# INFORMATION PROVIDED:
────────────────────────────────────────
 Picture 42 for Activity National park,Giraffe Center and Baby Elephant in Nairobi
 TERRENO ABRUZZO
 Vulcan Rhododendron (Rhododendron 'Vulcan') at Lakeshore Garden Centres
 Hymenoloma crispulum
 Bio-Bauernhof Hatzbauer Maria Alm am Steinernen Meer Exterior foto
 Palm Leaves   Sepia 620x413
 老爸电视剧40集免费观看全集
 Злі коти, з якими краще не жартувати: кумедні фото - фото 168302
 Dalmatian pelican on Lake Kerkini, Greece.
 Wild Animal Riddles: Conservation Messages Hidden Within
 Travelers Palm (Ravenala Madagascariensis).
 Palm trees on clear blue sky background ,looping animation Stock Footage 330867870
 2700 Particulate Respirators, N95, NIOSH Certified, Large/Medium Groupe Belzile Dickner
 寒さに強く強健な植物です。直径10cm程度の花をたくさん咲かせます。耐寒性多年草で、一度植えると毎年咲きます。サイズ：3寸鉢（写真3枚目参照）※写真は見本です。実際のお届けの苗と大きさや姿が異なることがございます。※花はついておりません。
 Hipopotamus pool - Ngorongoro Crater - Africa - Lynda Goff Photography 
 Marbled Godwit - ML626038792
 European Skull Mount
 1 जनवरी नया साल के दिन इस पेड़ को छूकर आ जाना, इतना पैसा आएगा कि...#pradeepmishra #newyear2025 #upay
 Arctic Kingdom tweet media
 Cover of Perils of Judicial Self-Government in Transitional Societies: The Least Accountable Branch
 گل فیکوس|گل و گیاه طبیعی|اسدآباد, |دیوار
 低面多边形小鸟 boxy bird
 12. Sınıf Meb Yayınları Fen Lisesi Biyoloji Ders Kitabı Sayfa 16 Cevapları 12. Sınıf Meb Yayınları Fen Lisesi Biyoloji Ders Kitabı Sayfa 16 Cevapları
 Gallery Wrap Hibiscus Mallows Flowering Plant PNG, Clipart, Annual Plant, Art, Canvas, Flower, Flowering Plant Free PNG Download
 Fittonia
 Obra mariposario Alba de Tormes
────────────────────────────────────────
# WORK ORDER:
Show each line in the listing above that has "Palm".

# WRITTEN ANSWER:
 Palm Leaves   Sepia 620x413
 Travelers Palm (Ravenala Madagascariensis).
 Palm trees on clear blue sky background ,looping animation Stock Footage 330867870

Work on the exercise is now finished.